Following the purges of the government’s military intelligence branch in 2004, Tin Htut was sentenced to 146 years in prison. The purges, which also led to the arrest of Khin Nyunt, have largely been described as the result of a power struggle, between the prime minister and junta strongman Than Shwe.
According to Ye Aung of the Former Political Prisoners Organisation, Tin Htut’s father Paw Khin Than sent a letter to the committee through the President’s Office asking the group to press for his son’s release.
Since taking power in 2011, Thein Sein’s quasi-civilian government has released more than 22,000 detainees in 10 general amnesties. Of these, 908 people have been identified as political prisoners by the Association for Political Prisoners-Burma (AAPP-B).
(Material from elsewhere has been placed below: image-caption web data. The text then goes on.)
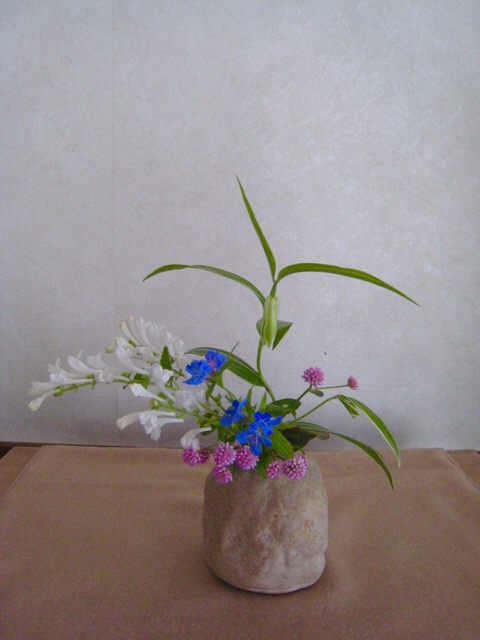 小さなお花です_a0140014_1465321.jpg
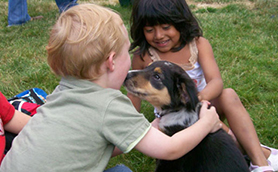 Dogs & Children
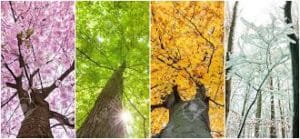 seasons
In January 2012, Khin Nyunt along with his sons were released during a presidential amnesty, while the former majority shareholder of the Myanmar Times and son of a military intelligence officer, Sonny Swe, who was imprisoned in 2005 as part of the purges, was released from prison in late April this year.
Although the series of amnesties has brought Thein Sein international praise, rights groups have criticised the government for continually using political prisoners as pawns to garner goodwill with western governments.
While the government-backed political prisoner scrutiny committee was created in February to vet the remaining political prisoners of conscious in the country, committee members have complained the process lacks transparency and genuine consultation.
During the most recent amnesty on 17 May, committee members said prisoner release lists were compiled in secret by the Prison Department and the President’s Office and then passed onto the committee to be endorsed.
“U Aung Thein and U Soe Thane are eager to credit prisoner releases to the work of the verification committee, when in fact the releases are not supported by all members and not all members are included in any meaningful way in the release process,” said the AAPP-B’s Aung Myo Thein during an interview with DVB after the amnesty.
More than 180 political prisoners are still incarcerated in Burma, which does not include Tin Htut, according to a list compiled by AAPP-B.
According to the scrutiny committee, political prisoners are defined as “any individual who is detained or being legally punished for participating in various forms of political activity due to a belief that it would serve the interest of the country and its people or that the people are suffering, and any individual persecuted by a government or a government authority with a political motive.”